さらに、時短取得社員は、仕事を共にする上司や同僚の評判も、よくありません。

「取引先で問題が起きたなど、肝心な時に帰っちゃうから、アテにならない」(広告代理店男性社員)
「責任ある仕事を任せられないから、データの集計や情報収集などわりとどうでもいい仕事をやって貰うしかないが、そうすると、また、『もっと面白い仕事をさせろ』と文句を言う」(飲料メーカー男性管理職)
「時短社員が早く帰ってしまうから、彼女がやるはずの校了作業を私が代わりにやらされた」(マスコミ女性社員)

などです。

中には、「時短社員の時短を引っぺがす」ようにと、経営から圧をかけられる管理職もいるようです。

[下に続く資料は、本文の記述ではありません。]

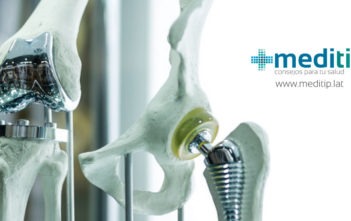 Prótesis de rodilla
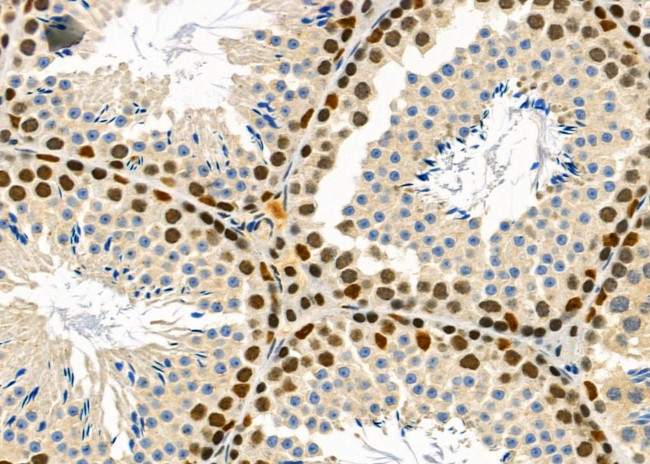 Ubiquilin 4 Antibody in Immunohistochemistry (Paraffin) (IHC (P))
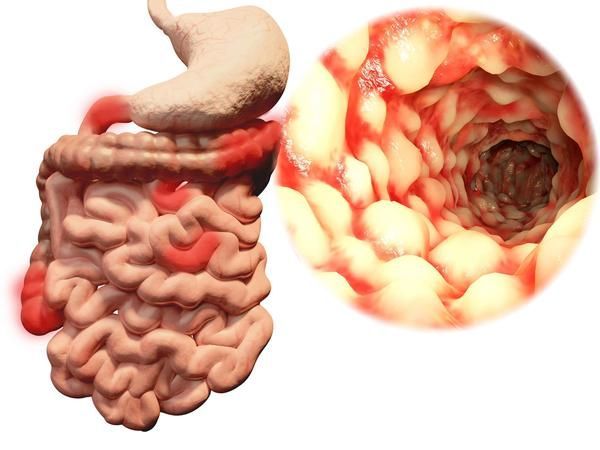 結腸癌並非突然而來醫生告誡身體出現3種異常儘快檢查腸鏡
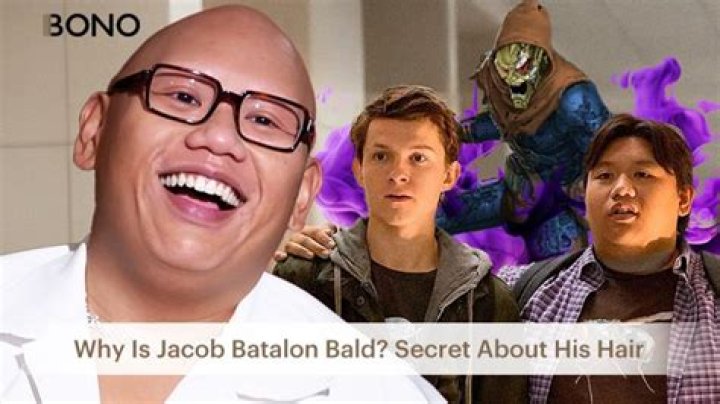 Why Is Jacob Batalon Bald Digital Global Times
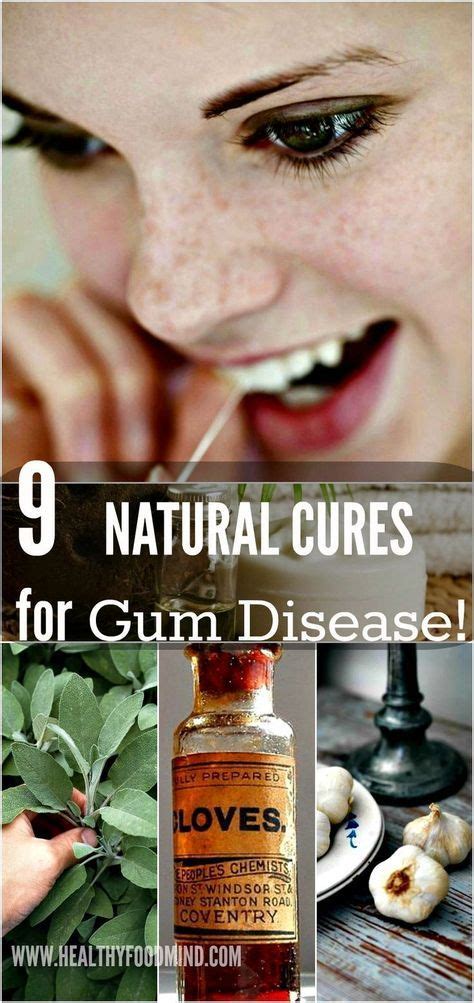 Gingivitis cure: how to reverse gum disease - periodontal disease home ...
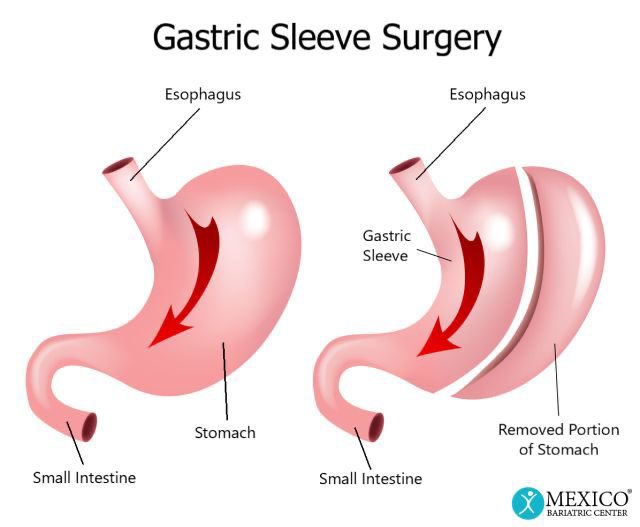 TheDigestiveIn's tweet image. Sleeve gastrectomy can reduce hunger hormones and help you feel full faster—science-backed weight loss
#DigestiveHealthInstitute #uppercaseWithBumrah #Modi4APDevelopment #RealActivNoAddedSugar #AmaravatiRestart #HDFCMutualFunds #PMModi #WAVES2025 #MAROON5xLISA_PRICELESS #TABLOxRM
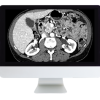 ARRS Gastrointestinal Imaging Online Course 2019 oc gi19 new 510x446 1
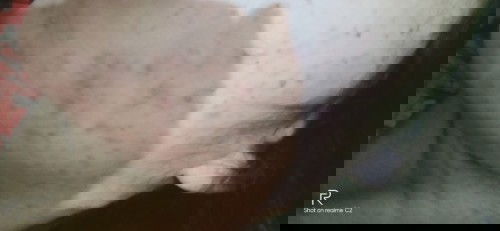 Muncul jerawat saat hamil dan sesudah lahiran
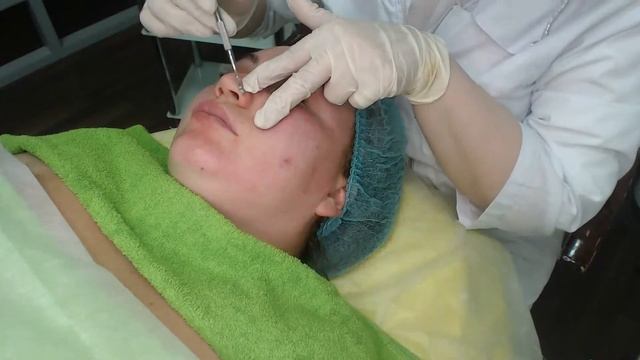 Механическая Чистка. Массаж по Жаке, Дарсонвализация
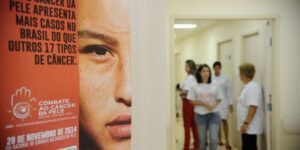 Casos de câncer de pele saltam de 4 mil para mais de 72 mil em 10 anos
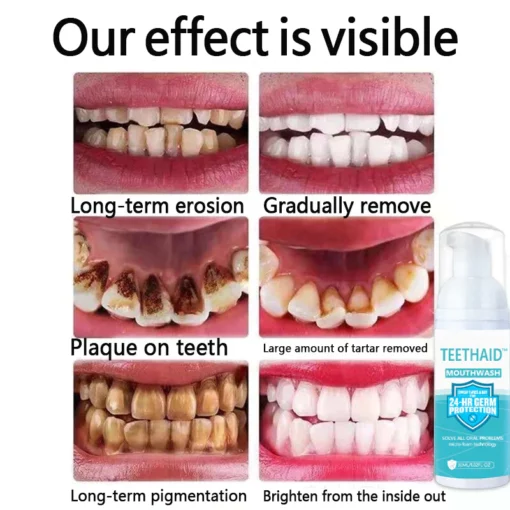 PlaqBite™ Plaque Removal Anti-Cavity Mousse Toothpaste - Image 7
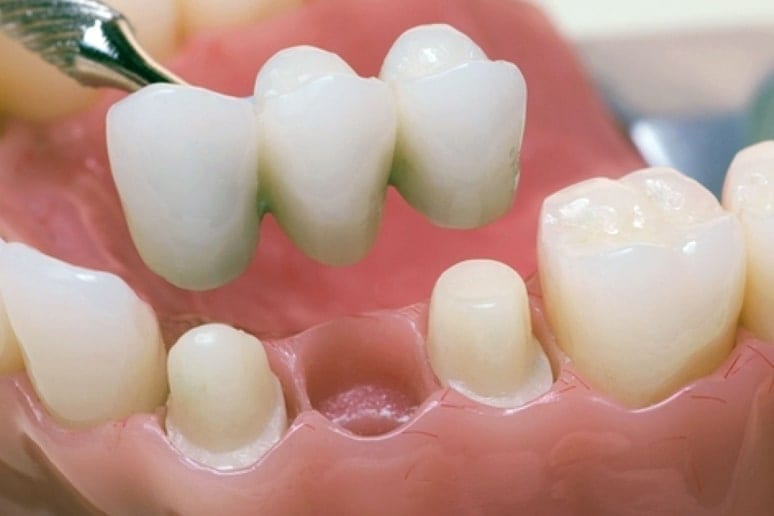 Мостовидные зубные протезы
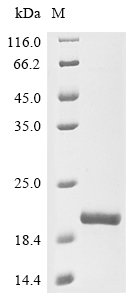 Recombinant Human Tumor susceptibility gene 101 protein (TSG101), partial, Homo sapiens (Human), E.coli, N-terminal 6xHis-tagged, 20.7kDa, purity >90% as determined by SDS-PAGE.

「ウチでは時短勤務は子どもが小学校に上がるまで取れる規則ですが、立て続けに子どもを産む人は、通算10年くらい時短社員のままです。こんな状況が続いたら、他の部員に負担が掛かり過ぎるので、最近、我々管理職の間には、彼女らに時短取得を辞めさせるように誘導しろとのお達しです」(サービス業管理職)

「時短の母」の働きぶり

こんな風に、時短社員は散々な言われようですが、ワーキングマザーを数十人取材してきた私の知る限り、夕方4時には、「残務なんて知らん」とばかりにサッと帰って、あとは放置なんて人は見たことがありません。

だいたいに、時短社員は、効率よく働く術を身に付けた人が多い印象です。

仕事時間のお尻が決まっているから、日中は火のついたように働きます。それでも、終わらないから、仕事を家に持ち帰るのはもはや常識です。

それで、子どもを保育園からピックアップし、夕飯を作って食べさせ、お風呂に入れて、遊んでやり、寝かしつけた9時ごろになって、一息つく暇もなく、パソコンの電源をオンし、再び、残務を片づけるのです。

これでは、仕事をする場がオフィスから自宅に変わっただけ。

なのに、時短した分だけ給料は引かれ、査定も下げられ、当然、出世ルートからは外され、なおかつ扱いは「半人前」。

しかも、自宅で仕事をするものだから、これを面白く思わないご主人からは、「お前、それでも時短かよ」なんて文句を言われてしまいます……。

そんな嘆きが止まらない「時短の母」を、私はたくさん知っています(もちろん、中には、「時短」の権利を乱用し、仕事の責任を果たさないワーキングマザーも少数ながらもいるには違いないだろうが)。

だったら、時短をやめれば? そう思う人もいるでしょう。

だが、妻、夫、双方の両親が遠方にいる場合、誰が子どもの保育園のお迎えをするのでしょうか?

延長保育を利用すれば? という声もあるでしょう。

でも、0歳児や1歳児の乳飲み子を、1日10時間以上保育園に置いておくのは不憫では? と、考えるのがむしろ普通なのではないでしょうか。